• [Aim of the task]: All that is needed is an exact repetition of the lines from the one containing "Paris Front Design T-Shirt 11380-N1LPR-F" through the final line of the material, without pictures.

• [Data block]:
== Segment start ==
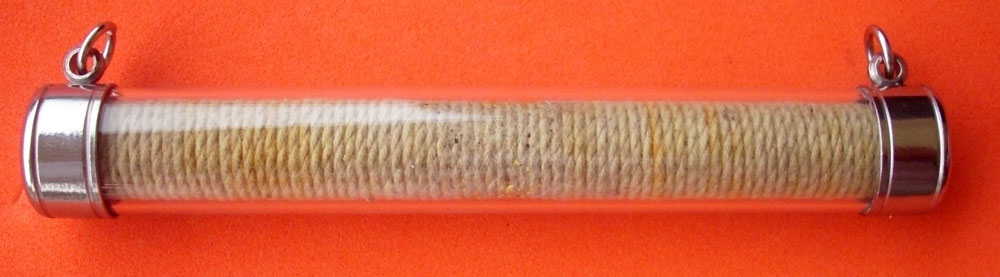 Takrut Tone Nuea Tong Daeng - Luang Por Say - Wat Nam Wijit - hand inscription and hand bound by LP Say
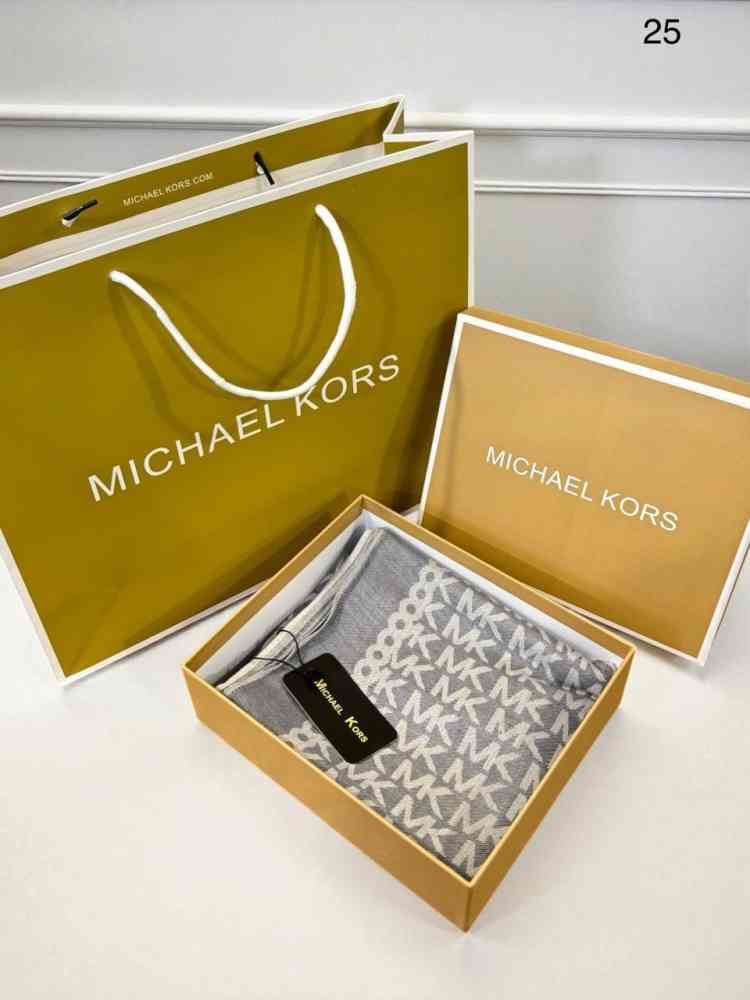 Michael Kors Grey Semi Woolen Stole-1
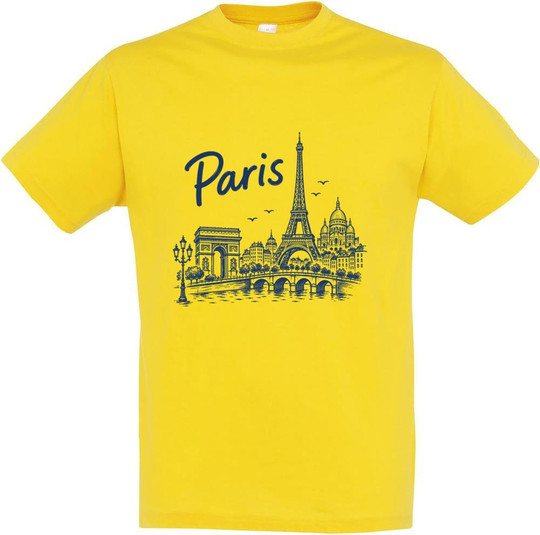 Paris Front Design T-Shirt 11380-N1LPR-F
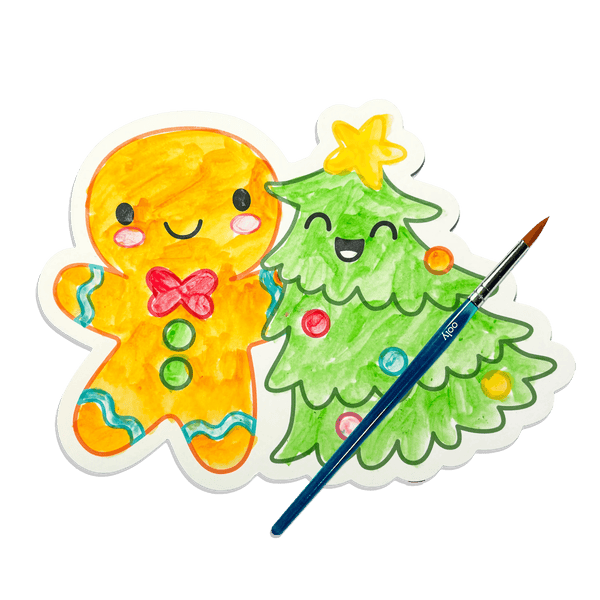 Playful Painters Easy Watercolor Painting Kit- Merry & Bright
== Segment end ==
• [Exercise result]:
 Paris Front Design T-Shirt 11380-N1LPR-F
 Playful Painters Easy Watercolor Painting Kit- Merry & Bright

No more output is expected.